As I've alluded to before, I’ve taught SAT and ACT test prep as a side hustle in the greater Los Angeles area for the past decade.
I do verbal prep, so I teach teens the in’s and outs of grammar, give them strategies for critical reading, and assist them in prepping and writing an effective essay on any given topic.
One of the essay prompts was been about convenience, and the students had to take a position on whether modern conveniences were good, bad, or somewhere in between.
The first time I read this prompt, I paused.
Convenience is a bad thing?
The more I contemplated it, the more I saw that it indeed has dark side.
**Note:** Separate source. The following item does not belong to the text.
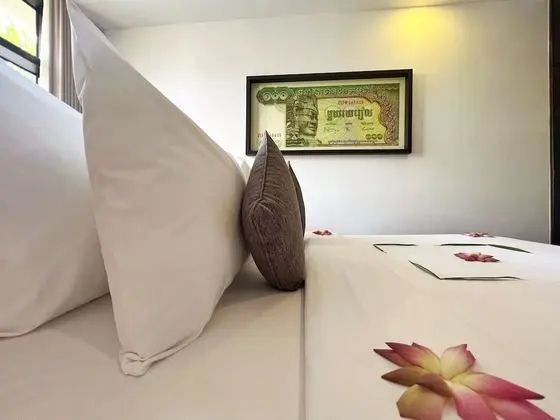 Deluxe Tek Büyük Yataklı Oda, Balkon, Havuz Manzaralı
What we often find convenient in the short-term can have exceedingly dire long-term effects.
For instance, say after pushing the snooze bar one too many times, I run late to work and skip breakfast at home. En route to work, I place an order on the Starbucks app for a venti iced americano with a splash of soy and a blueberry muffin. I pop in, skip the line, pick up my order, and consume my breakfast en route to work. Thanks to Starbucks, I make it to my morning meeting on time on a full stomach. I didn’t even feel the $6.45 leave my account!
The next day, I hit the snooze bar again. I’m crunched for time, but I remember how Starbucks eased my pain the day before. I decide to repeat that ritual. (After all, it IS convenient, right?). The following day, I do it again, and, unconsciously, I begin to make this my daily ritual for the entire year.
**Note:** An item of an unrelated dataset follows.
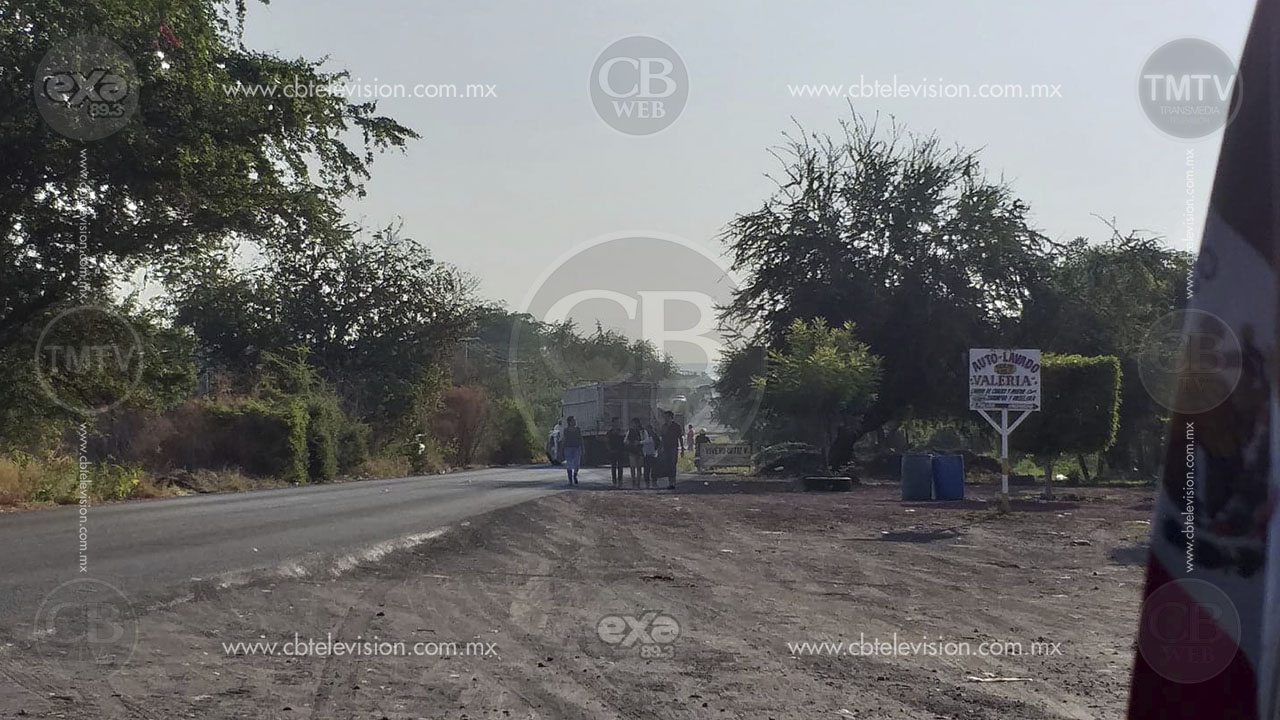 Amanecen Apatzingán y Buenavista con narcobloqueos y balaceras 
Why? Because waking up earlier and prepping my own breakfasts is hard.
So, what are the final costs for this convenience?
Let’s see:
Money - At $6.45 a trip, I’ve spent $1,548 if I go 5 out of 5 weekdays, or $1238.4 if I go 4 out out of 5. (This is what David Bach would call "The Latte Factor.")
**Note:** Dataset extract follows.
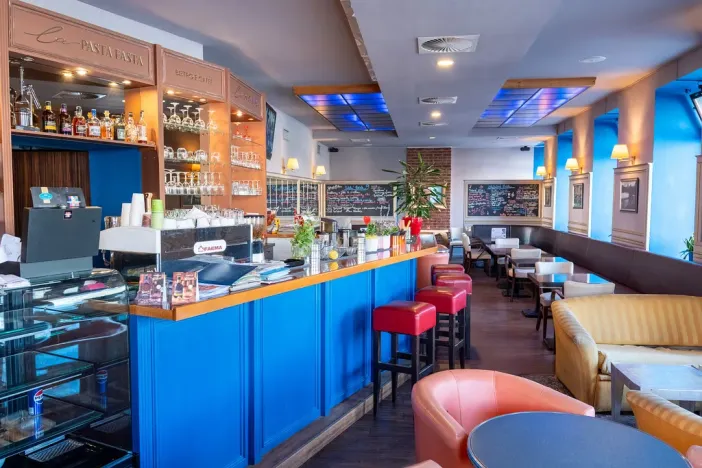 Prodej restaurace, Olomouc, Komenského, 792 m2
Weight - Per Starbucks's website, each muffin has 360 calories with 15 g of fat and 52 g of carbs (who knows how much sugar there is?). My repeated habit has caused me to gain 10 pounds, and now I need a diet.
Time - Who knows how much time I’ve wasted looking for a parking space, running in and out of the store, and logging my daily expenses on my budget?
Environmental Impact - Plastic cups don’t biodegrade.
I’m not angry at Starbucks.
In fact, I love them. They do excellent business, and I know that they’re committed to sustainability and ethical business practices. I’m also not angry at myself; I’m human and often tired. I sometimes don’t make the best decisions when I put those two things together.
But let’s look at this through the lens of convenience: how is it really that convenient that I’ve spent so much money, gained so much weight, wasted so much time, and thrown away so much plastic?
And yet, I did this because the alternative (i.e., waking up earlier, prepping my breakfasts) would've been hard.
With convenience, you have to choose your battles.
Not everything in life has to be (or should be) hard.
With the issues that count (like getting out of debt, building an emergency fund, learning to live on a budget), sometimes you have to sacrifice time and effort in exchange for a greater result down the line (I call this "frontloading the pain.")
Because if everything's easy and convenient, then nothing is.
And if everything is easy and convenient, there are unintended consequences coming down the road that will be harder. (That's not me doom-and-glooming - that's just how life works).
Best remedy for this?
Like the good meme says above, choose your hard.
When you give yourself the choice, see the bigger picture, and, in many cases, frontload the pain by choosing your hard and doing it, you'll find you're actually making the easier choice.